Tuesday 16th February 2021, 5:15-6:30pm


Online


Raphaëlle Errera (Sorbonne Université) - Real-life Poets on Parnassus: Early Modern Fictions and the Alternative Making of Literary History and Criticism


À partir du XVIe siècle apparaissent en Europe des dizaines de fictions pour le moins curieuses, qui font figurer quelques personnages imaginaires -- essentiellement des divinités de la mythologie gréco-latine comme Apollon et les Muses --, et de nombreux personnages "réels", sur une montagne elle-même à demi-imaginaire, le Parnasse. Qui sont donc ces personnages ? Des "poètes" antiques, vieux vernaculaires et modernes. Que font-ils là ? Cette communication se propose de montrer l'intérêt qui pousse des auteurs divers à écrire de telles fictions, à travers deux pistes de lecture. Ces textes réunissent de façon synchronique les meilleurs auteurs de tous temps ; je monterai d'abord qu'ils constituent une forme originale de l'histoire littéraire alors naissante. L'inclusion d'auteurs contemporains suppose en outre de faire des choix, voire justifier ou de débattre de ces choix : il s'agira de voir ensuite qu'à l'histoire se combine la critique littéraire, qui s'y exerce de façon souvent plaisante, et même parfois franchement comique et satirique. Ces œuvres mêlent ainsi au plaisir de la fiction celui de la réflexion sur le passé et le présent des belles-lettres.

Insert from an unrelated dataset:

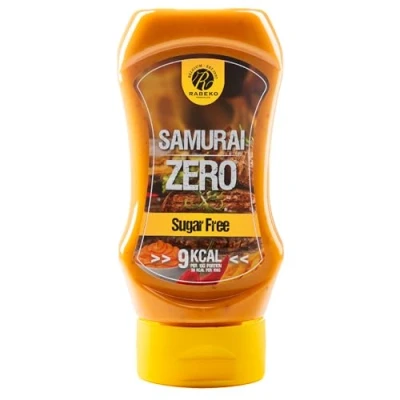 Imagen de Salsa Rabeko Zero Samurai, 1 x 350 ml sin azúcar y baja en grasas productos saludables bajos carbohidratos con contenido reducido de calorías para ensaladas, patatas fritas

Rowan Anderson (Trinity) - Retranslating Euphemism in Proust's A la recherche du temps perdu


Marcel Proust's A la recherche du temps perdu is most famous for its exploration of time and memory, as emblematised by the madeleine sequence. However, Proust's novel is also ground-breaking in its presentation of taboo topics, such as lesbianism and sex work. My overall project is therefore a comparison of the original text with its English translations in order to analyse how differences in translation reflect cultural attitudes to social transgression. In this presentation, I focus on translations of euphemism and slang in the Recherche, in order to analyse how different English editions of the text have translated covert and vague references to homosexuality. By examining how editors and translators have taken different approaches in translation, editing, and use of paratextual material, I explore how translators act as co-creators of the text. Furthermore, I use Karen Emmerich's argument that 'original text' is a misnomer in that originals are not completely stable, thus calling into question the stability of meaning in interpretations of euphemism and slang. Through this line of argument, I argue that variance in translation may shed light on new possibilities of meaning generated through different readings of the text, thus mimicking how we interpret euphemism and slang in day-to-day life.